◆ **PROBLEM DESCRIPTION**
All of the records are to be copied out exactly, with nothing left out.

◆ **DATASET CONTENT**
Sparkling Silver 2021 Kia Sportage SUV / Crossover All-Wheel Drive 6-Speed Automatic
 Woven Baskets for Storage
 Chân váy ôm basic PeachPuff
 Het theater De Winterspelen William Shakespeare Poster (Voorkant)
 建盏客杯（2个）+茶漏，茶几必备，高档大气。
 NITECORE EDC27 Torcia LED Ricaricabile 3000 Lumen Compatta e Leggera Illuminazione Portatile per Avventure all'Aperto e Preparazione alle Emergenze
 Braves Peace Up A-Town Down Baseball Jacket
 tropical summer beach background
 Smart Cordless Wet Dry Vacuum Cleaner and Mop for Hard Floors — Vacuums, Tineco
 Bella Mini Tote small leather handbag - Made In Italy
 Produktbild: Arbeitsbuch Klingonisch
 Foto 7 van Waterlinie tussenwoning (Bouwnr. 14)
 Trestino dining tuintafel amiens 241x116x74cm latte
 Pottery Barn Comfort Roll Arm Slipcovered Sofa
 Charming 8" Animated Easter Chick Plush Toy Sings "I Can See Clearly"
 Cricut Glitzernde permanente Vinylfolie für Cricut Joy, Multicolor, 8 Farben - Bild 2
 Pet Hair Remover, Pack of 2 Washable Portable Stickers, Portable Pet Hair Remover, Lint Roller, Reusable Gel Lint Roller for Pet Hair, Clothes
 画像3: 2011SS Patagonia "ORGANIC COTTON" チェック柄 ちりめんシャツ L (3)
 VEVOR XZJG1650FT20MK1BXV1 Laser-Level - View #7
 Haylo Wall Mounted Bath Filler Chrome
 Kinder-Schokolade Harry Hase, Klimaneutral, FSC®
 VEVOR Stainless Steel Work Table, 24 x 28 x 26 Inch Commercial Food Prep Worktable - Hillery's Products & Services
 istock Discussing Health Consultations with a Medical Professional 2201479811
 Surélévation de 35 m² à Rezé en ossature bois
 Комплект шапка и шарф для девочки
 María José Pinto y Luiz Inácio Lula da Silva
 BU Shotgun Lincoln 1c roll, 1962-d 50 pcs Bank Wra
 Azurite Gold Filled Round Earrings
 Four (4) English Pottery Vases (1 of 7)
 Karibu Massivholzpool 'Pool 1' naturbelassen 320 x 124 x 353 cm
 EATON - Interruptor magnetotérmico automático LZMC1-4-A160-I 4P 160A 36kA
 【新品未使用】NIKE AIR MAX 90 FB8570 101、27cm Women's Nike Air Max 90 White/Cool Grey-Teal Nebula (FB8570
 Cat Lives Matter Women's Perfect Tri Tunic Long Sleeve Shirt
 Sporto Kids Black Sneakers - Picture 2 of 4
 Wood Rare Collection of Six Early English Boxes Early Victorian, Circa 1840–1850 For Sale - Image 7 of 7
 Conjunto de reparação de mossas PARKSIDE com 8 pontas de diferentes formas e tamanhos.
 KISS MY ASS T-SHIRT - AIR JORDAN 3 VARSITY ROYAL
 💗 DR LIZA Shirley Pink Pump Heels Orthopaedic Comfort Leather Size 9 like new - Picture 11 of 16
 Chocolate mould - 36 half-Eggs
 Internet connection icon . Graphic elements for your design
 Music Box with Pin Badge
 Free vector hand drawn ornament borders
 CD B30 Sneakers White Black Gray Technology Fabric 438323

◆ **RESPONSE TO THIS TASK**
Sparkling Silver 2021 Kia Sportage SUV / Crossover All-Wheel Drive 6-Speed Automatic
 Woven Baskets for Storage
 Chân váy ôm basic PeachPuff
 Het theater De Winterspelen William Shakespeare Poster (Voorkant)
 建盏客杯（2个）+茶漏，茶几必备，高档大气。
 NITECORE EDC27 Torcia LED Ricaricabile 3000 Lumen Compatta e Leggera Illuminazione Portatile per Avventure all'Aperto e Preparazione alle Emergenze
 Braves Peace Up A-Town Down Baseball Jacket
 tropical summer beach background
 Smart Cordless Wet Dry Vacuum Cleaner and Mop for Hard Floors — Vacuums, Tineco
 Bella Mini Tote small leather handbag - Made In Italy
 Produktbild: Arbeitsbuch Klingonisch
 Foto 7 van Waterlinie tussenwoning (Bouwnr. 14)
 Trestino dining tuintafel amiens 241x116x74cm latte
 Pottery Barn Comfort Roll Arm Slipcovered Sofa
 Charming 8" Animated Easter Chick Plush Toy Sings "I Can See Clearly"
 Cricut Glitzernde permanente Vinylfolie für Cricut Joy, Multicolor, 8 Farben - Bild 2
 Pet Hair Remover, Pack of 2 Washable Portable Stickers, Portable Pet Hair Remover, Lint Roller, Reusable Gel Lint Roller for Pet Hair, Clothes
 画像3: 2011SS Patagonia "ORGANIC COTTON" チェック柄 ちりめんシャツ L (3)
 VEVOR XZJG1650FT20MK1BXV1 Laser-Level - View #7
 Haylo Wall Mounted Bath Filler Chrome
 Kinder-Schokolade Harry Hase, Klimaneutral, FSC®
 VEVOR Stainless Steel Work Table, 24 x 28 x 26 Inch Commercial Food Prep Worktable - Hillery's Products & Services
 istock Discussing Health Consultations with a Medical Professional 2201479811
 Surélévation de 35 m² à Rezé en ossature bois
 Комплект шапка и шарф для девочки
 María José Pinto y Luiz Inácio Lula da Silva
 BU Shotgun Lincoln 1c roll, 1962-d 50 pcs Bank Wra
 Azurite Gold Filled Round Earrings
 Four (4) English Pottery Vases (1 of 7)
 Karibu Massivholzpool 'Pool 1' naturbelassen 320 x 124 x 353 cm
 EATON - Interruptor magnetotérmico automático LZMC1-4-A160-I 4P 160A 36kA
 【新品未使用】NIKE AIR MAX 90 FB8570 101、27cm Women's Nike Air Max 90 White/Cool Grey-Teal Nebula (FB8570
 Cat Lives Matter Women's Perfect Tri Tunic Long Sleeve Shirt
 Sporto Kids Black Sneakers - Picture 2 of 4
 Wood Rare Collection of Six Early English Boxes Early Victorian, Circa 1840–1850 For Sale - Image 7 of 7
 Conjunto de reparação de mossas PARKSIDE com 8 pontas de diferentes formas e tamanhos.
 KISS MY ASS T-SHIRT - AIR JORDAN 3 VARSITY ROYAL
 💗 DR LIZA Shirley Pink Pump Heels Orthopaedic Comfort Leather Size 9 like new - Picture 11 of 16
 Chocolate mould - 36 half-Eggs
 Internet connection icon . Graphic elements for your design
 Music Box with Pin Badge
 Free vector hand drawn ornament borders
 CD B30 Sneakers White Black Gray Technology Fabric 438323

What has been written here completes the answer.